Rheumatoid arthritis (RA) is a chronic autoimmune disease primarily characterized by polyarthritis. RA inflammation primarily affects the synovial membranes of joints; however, the precise mechanisms remain unclear, with no definitive cure currently available. Uncontrolled inflammation leads to joint deformities and bone destruction, significantly impairing the patient's quality of life. Osteoclasts play a crucial role in bone destruction. These multinucleated cells, derived from the monocyte/macrophage lineage, are the only known cells capable of resorbing the bone matrix. Therefore, elucidation of the underlying osteoclast differentiation mechanisms is of significant clinical importance (Shim et al., 2018).
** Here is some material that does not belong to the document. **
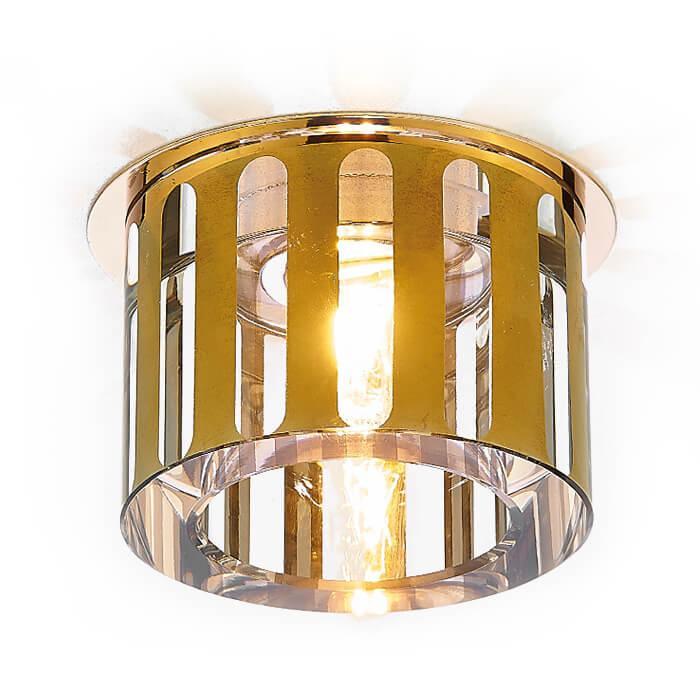 Встраиваемый светильник Ambrella Light Glass D1014 GD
Osteoclastogenesis requires two essential cytokines: macrophage colony-stimulating factor (M-CSF), which supports monocyte/macrophage survival, and receptor activator of NF-κB ligand (RANKL), a key osteoclast differentiation factor. In mouse in vitro models, bone marrow cells cultured with M-CSF are widely used as osteoclast progenitor cells (Sato et al., 2006). However, owing to the limited availability of human bone marrow cells, monocytes isolated from peripheral blood mononuclear cells (PBMCs) are used as standard progenitor sources in humans. Komano et al. demonstrated that among human monocytes, CD16 monocytes exhibit a higher propensity to differentiate into osteoclasts than CD16+ monocytes (Komano et al., 2006). The former corresponds to the classical monocyte (CD14+CD16) subset among the classical, non-classical, and intermediate monocyte subsets. In vitro, progenitor cells from mice and humans cultured with M-CSF and RANKL generate tartrate-resistant acid phosphatase (TRAP)-positive multinucleated cells with bone-resorbing activity, which are generally considered osteoclasts.
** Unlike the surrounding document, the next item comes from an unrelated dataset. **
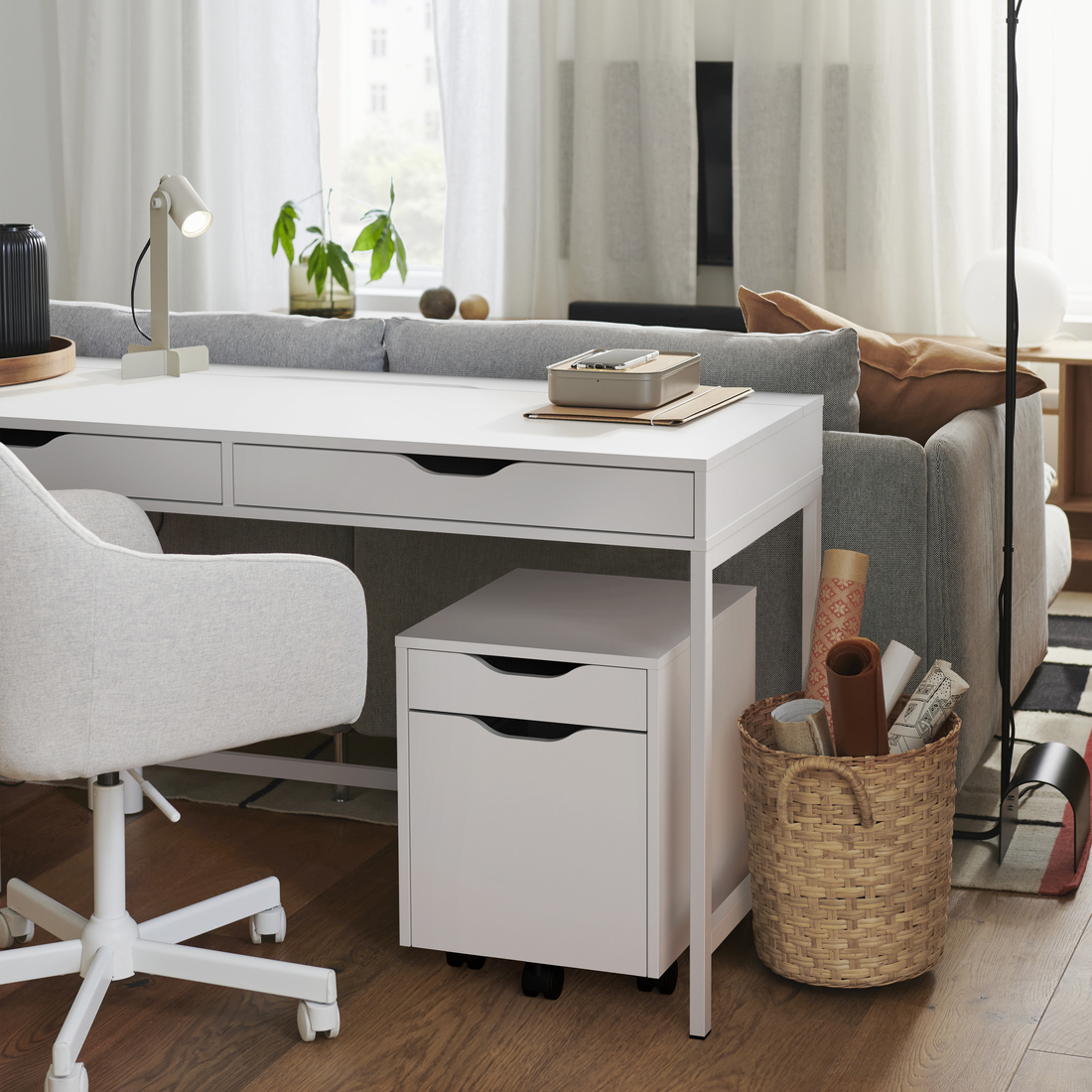 ALEX, drawer unit on casters. 2 of 8 open dialog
Emerging evidence suggests, however, that the osteoclasts involved in RA pathology fundamentally differ from the physiological osteoclasts. For instance, bisphosphonates, which inhibit osteoclast differentiation, are widely used to treat osteoporosis, but are less effective in preventing bone destruction in RA (Peris et al., 2021). In contrast, tumor necrosis factor (TNF) inhibitors in combination with methotrexate effectively prevent bone destruction in RA (Klareskog et al., 2004). These reports indicated that “inflammatory osteoclasts,” which are distinct from physiological osteoclasts, may play a central role in RA-associated bone damage. Consistently, various studies in mouse models (Yokota et al., 2014; O'Brien et al., 2016) and human cells (Yokota et al., 2021) have shown that TNF-α and interleukin-6 (IL-6), rather than RANKL, induce osteoclastogenesis.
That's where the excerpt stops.